It's much more likely that they just pinned this story on some guy who died in a motorcycling accident.

The point of killing someone over some wrong they did you is publicizing it after the fact. If you don't take credit for it, it doesn't have any deterrent power.

Or alternately, they staged what appeared to be a fatal accident to put him in a witness protection program.

Or alternately, he did it and then tried to back out of the deal. Now arranging an apparently accidental death then became the best way to keep security intact.

The one theory that makes no sense is that they intended his death from the beginning.

All believable scenarios. I personally am fond of the "pin it on a dead guy" story. I want to believe that western security services have some sense of elegance.
The problem with killing an asset is that you've now involved multiple more teams of assets who now know that you kill assets. This is not how you keep secrets, nor how you retain people who keep secrets.

Like the JFK assassination theories that involve killing off an additional dozens of people. You can't cover up one murder by involving an extra 1000 people.

You just make it clear that he was going to defect. Your remaining assets know that they're safe as long as they're loyal.
What are the odds though?

- Foreigner

- Engineer

- Married to Iranian

- Access to plant (Alleged)

- Died from non-natural causes within 2 weeks at age 36

the odds of someone riding a motorcycle dying in an accident in their lifetime is 1 in 747.
> If you don't take credit for it, it doesn't have any deterrent power.

The various deaths associated with Putin are a counter example here. Russia denies involvement but the method usually makes it pretty obvious. Rare poison, unlikely situation etc.

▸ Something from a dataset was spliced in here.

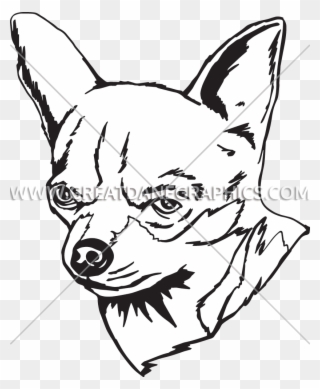 Png Freeuse Library Chihuahua Line At Getdrawings - Drawing Clipart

The putin assassinations are a little different though. The assassinated are publicly known to have links to the regime. The methods of death have a similar signature and the rarity of that type of death makes most people draw one likely conclusion so that the message is communicated. People fall out of windows for minor infractions and to really send a message they are poisoned.

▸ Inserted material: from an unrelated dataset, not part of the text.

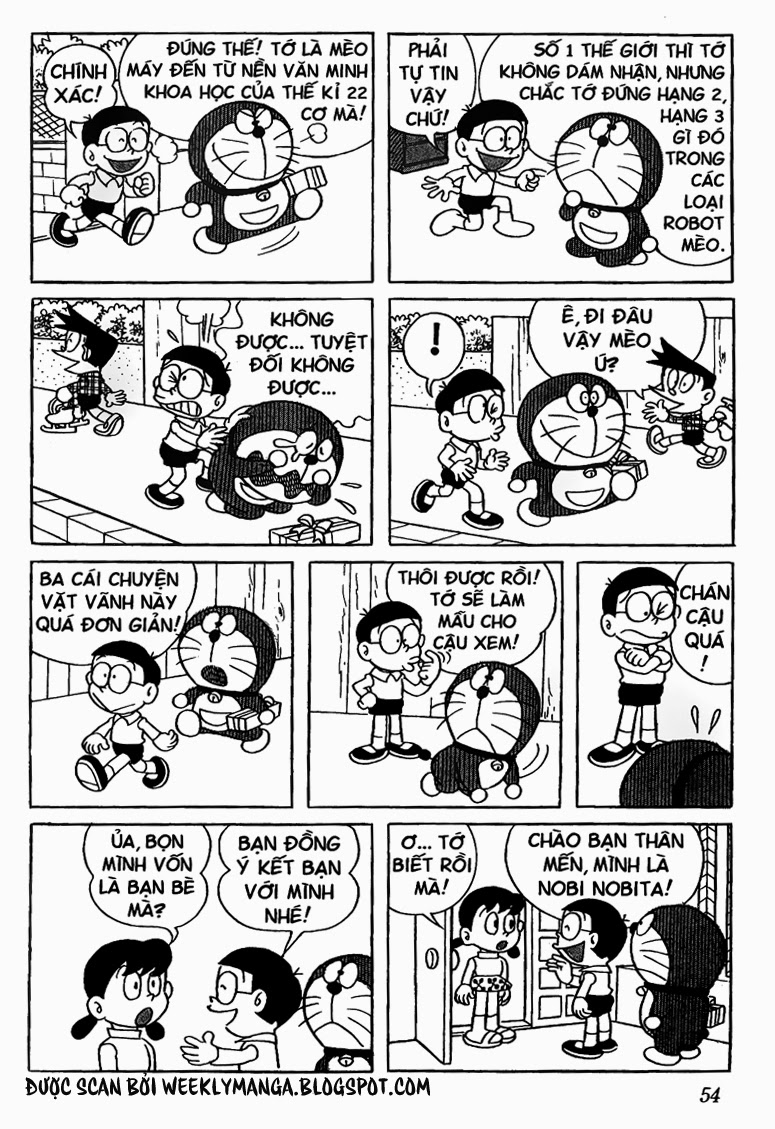 Truyện Ngắn Doraemon Mới Nhất Chapter 111 - 13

The asset in this case wasn't known publicly and the method of death makes people assume it was simply an accident. Unless they did some private announcement, no one was deterred. If it was Iran and they wanted to send a message, they would probably have to out the asset publicly and/or make it clear that it was an assassination. e.g. a bomb would send a clear signal that it was more likely to be a nation state assassination and not some accident or a random robbery/act of violence.

The entire point of stuxnet was to covertly sabotage the centrifuges, so it wasn't clear that they were broken until months or years later. 2 weeks isn't remotely long enough for Iran to know they were sabotaged.